[Given records — start]

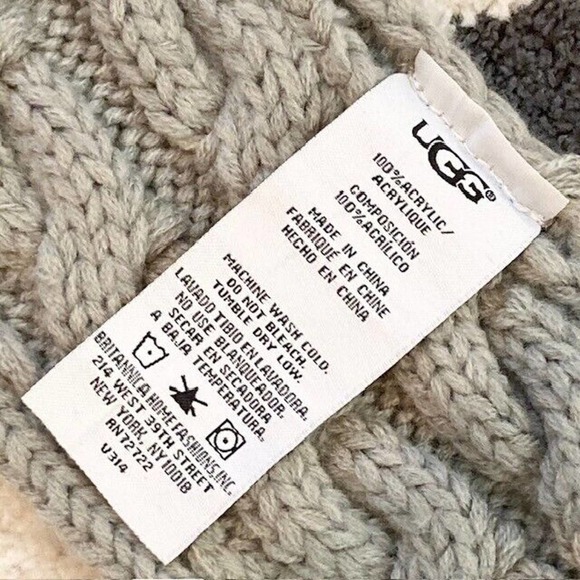 Ugg Australia Small Dog Gray Cable Knit Pom Warm Luxe Soft Designer Logo Scarf - Picture 10 of 12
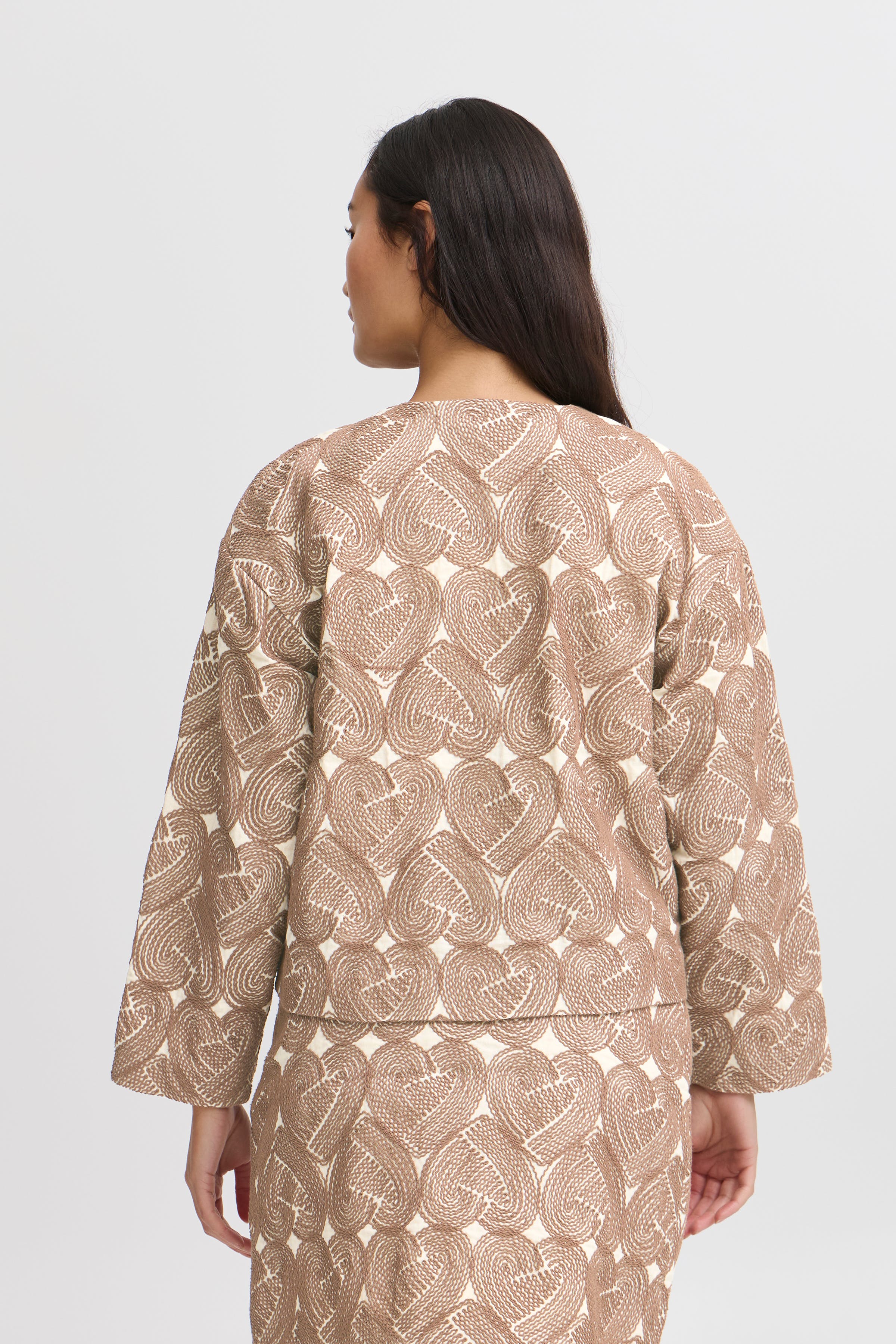 IRBERA Blazer LOOKBOOK BACK 20122868-130905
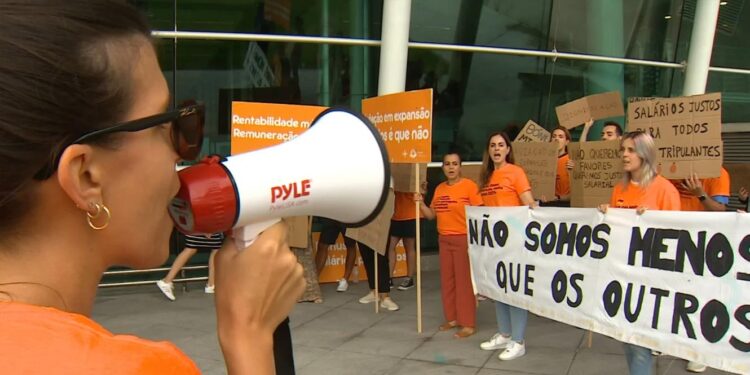 Tripulantes de cabine da easyJet iniciaram greve de cinco dias 11 easyJet greve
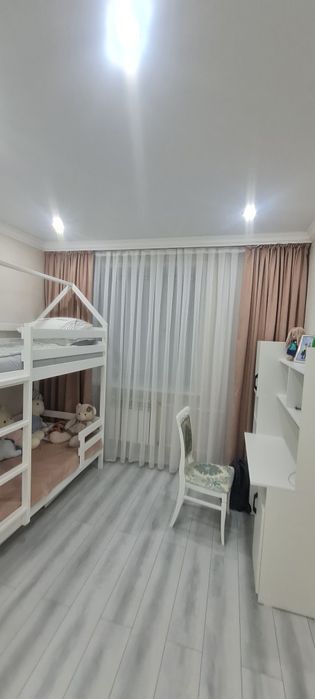 Продам шторы с тюлом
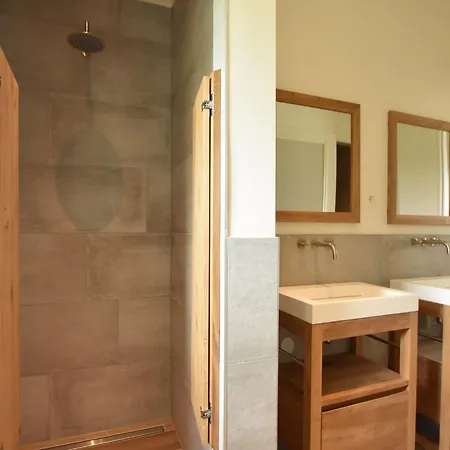 Сasa de vacaciones Spacious In The Beemster Near A Windmill Middenbeemster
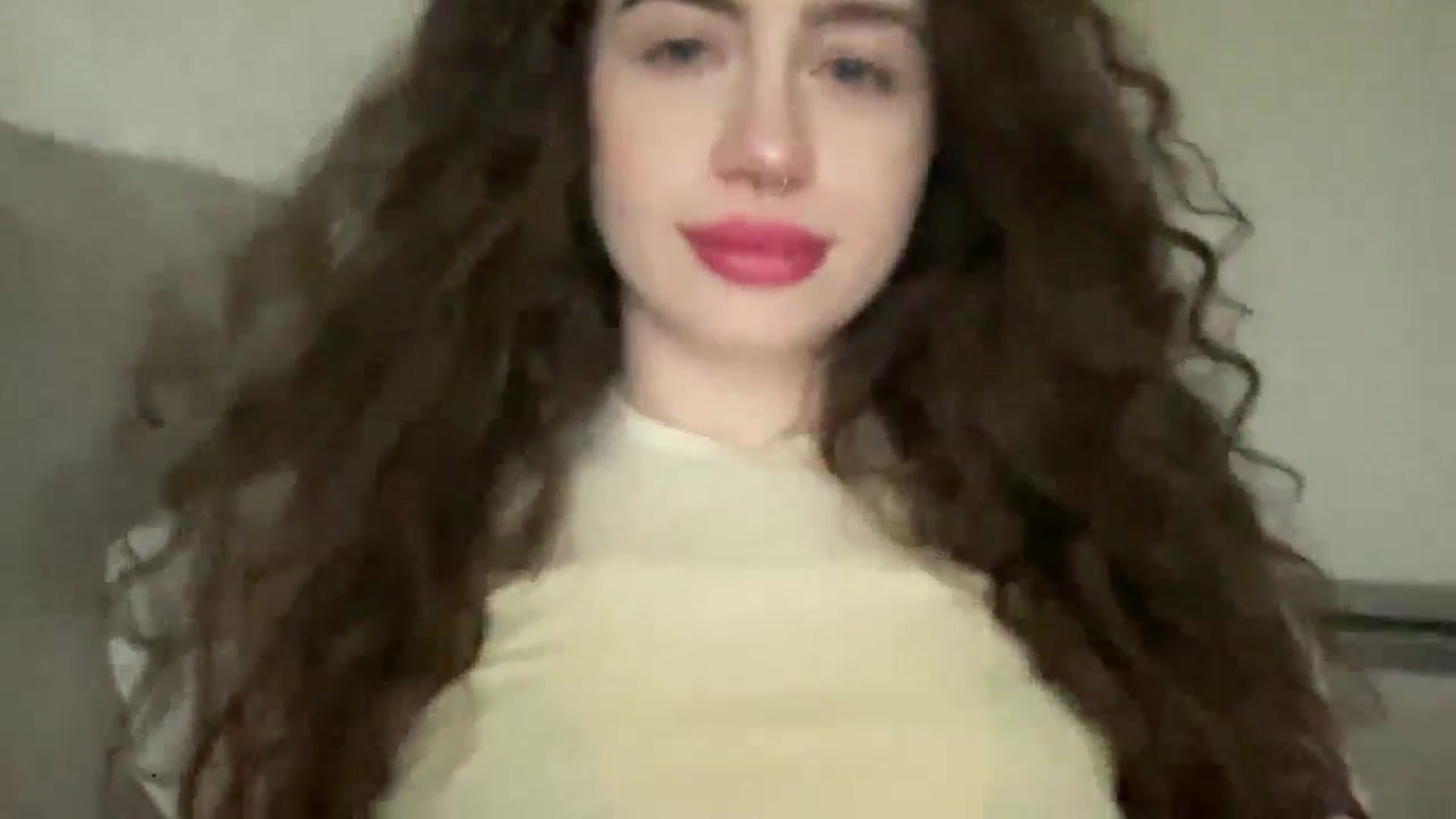 Gallery image thumbnail from CurlyDream's myfreecams stream on, 01/14/2026, 14:35 image 17 of 20
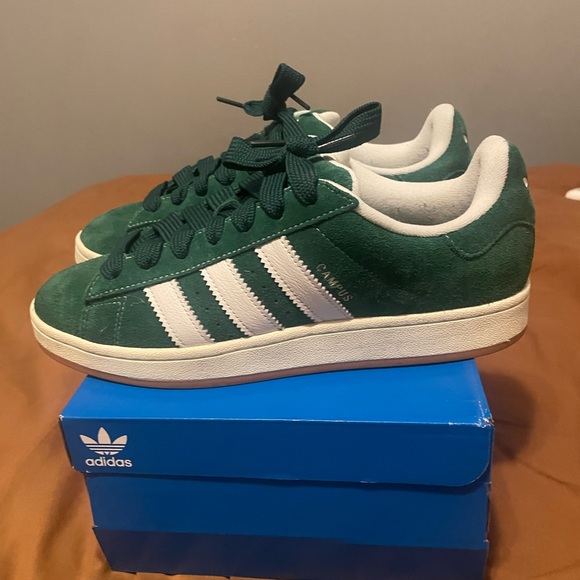 adidas Green and White Men's Shoes - Picture 2 of 5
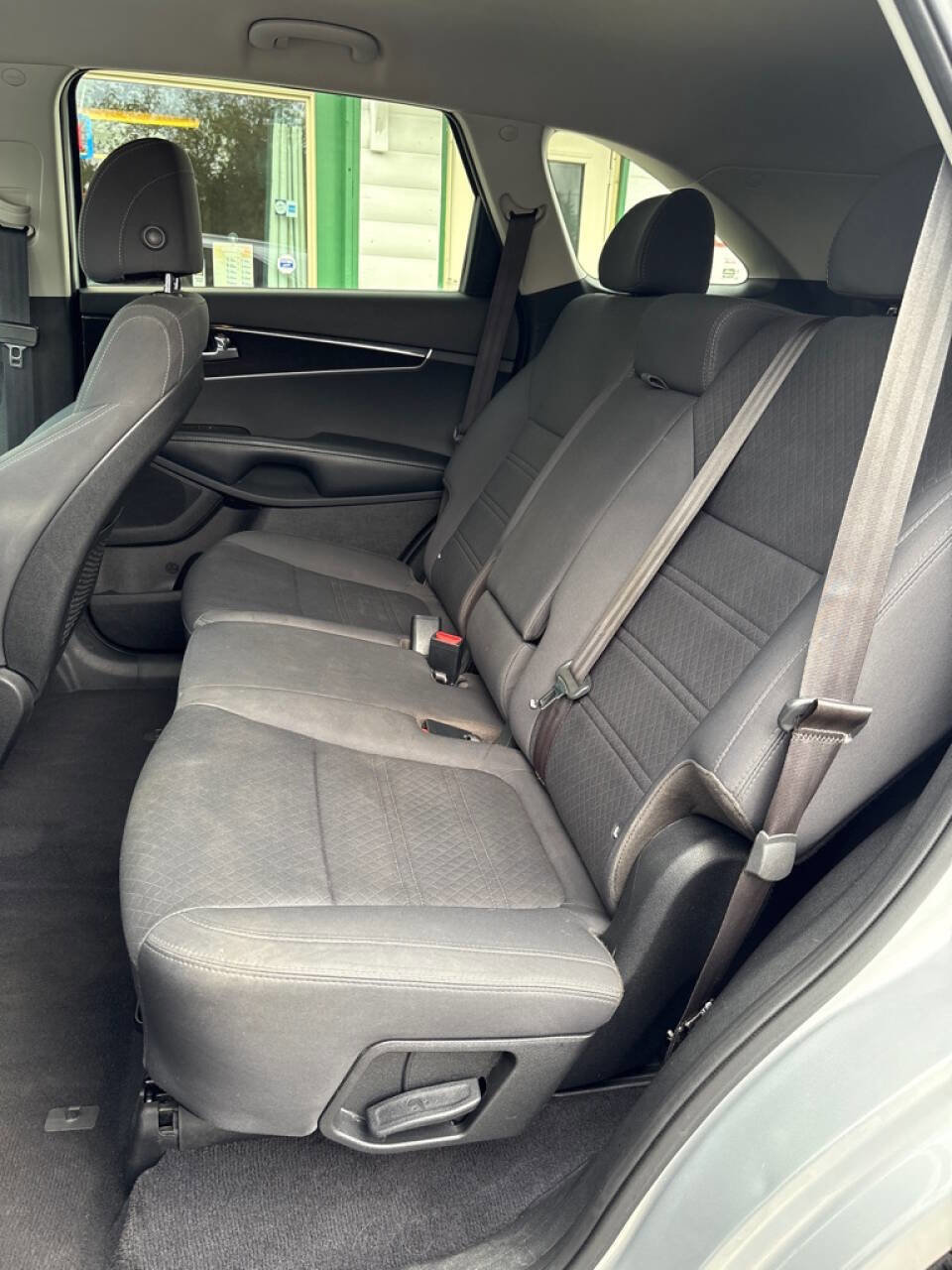 Used 2017 Kia Sorento AWD image 19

[Given records — finish]

Exercise prompt: Find the line that contains "adidas Green and", then write out that line and every line after it through the end of the records, exactly. Leave the pictures out.

Response to this task:
 adidas Green and White Men's Shoes - Picture 2 of 5
 Used 2017 Kia Sorento AWD image 19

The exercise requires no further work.